Because we have date constraints on the reports partitions, the planner is smart enough to know that only reports_part0 contains the data we’re looking for. But replace the literal dates with the equivalent functions, and the query planner has to search every partition:

breakpad=> EXPLAIN SELECT * FROM reports WHERE date < now() AND date > now() - interval '1 day' ORDER BY date DESC;
QUERY PLAN
---------------
 Sort
   Sort Key: public.reports.date
   ->  Result
         ->  Append
               ->  Seq Scan on reports
                     Filter: ((date < now()) AND (date > (now() - '1 day'::interval)))
               ->  Bitmap Heap Scan on reports_part0 reports
                     Recheck Cond: ((date < now()) AND (date > (now() - '1 day'::interval)))
                     ->  Bitmap Index Scan on idx_reports_part0_date
                           Index Cond: ((date < now()) AND (date > (now() - '1 day'::interval)))
               ->  Index Scan using idx_reports_part1_date on reports_part1 reports
                     Index Cond: ((date < now()) AND (date > (now() - '1 day'::interval)))
               ->  Index Scan using idx_reports_part2_date on reports_part2 reports
                     Index Cond: ((date < now()) AND (date > (now() - '1 day'::interval)))
               ->  Index Scan using idx_reports_part3_date on reports_part3 reports
                     Index Cond: ((date < now()) AND (date > (now() - '1 day'::interval)))
               ->  Index Scan using idx_reports_part4_date on reports_part4 reports
                     Index Cond: ((date < now()) AND (date > (now() - '1 day'::interval)))
               ->  Index Scan using idx_reports_part5_date on reports_part5 reports
                     Index Cond: ((date < now()) AND (date > (now() - '1 day'::interval)))
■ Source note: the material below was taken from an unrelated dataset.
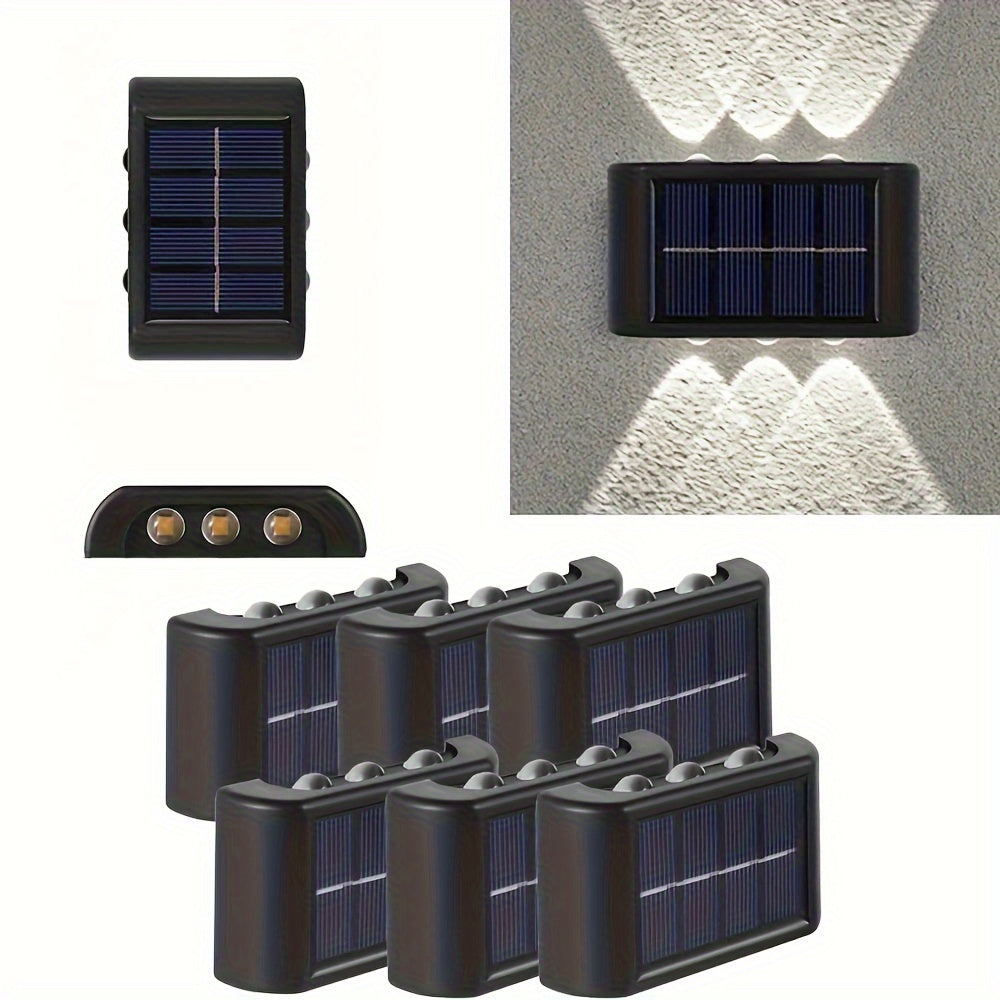 2/4/6/8 Stück Solar Außenwandlichter zur Beleuchtung Ihres Gartens und Balkons, Waschbare Doppelkopf-Solarlampe für Halloween, Weihnachten, Thanksgiving, Neujah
Both of these missed optimizations are extremely problematic when dealing with partitioned tables in postgresql. The first, less common issue should be easy to fix, because it doesn’t require any constraint information. The second one is not so easy, because it would require the query planner to divide its work into a “pre-function/bindparam expansion” stage, which is cacheable, and a “post-function/bindparam expansion stage”, which is not very easy to cache.

We are going to try and work around the data-binding issue by issuing the queries from Socorro using literals instead of bound variables. This is not ideal because it requires the database to completely re-plan every query that is issued.

The moral of the story is simple: if you are planning on using database partitions, be sure you EXPLAIN all the queries you’re planning, with the actual literals or bound data statements that will actually be used in production. Be prepared to significantly rework your queries if the queries perform unexpected full table scans.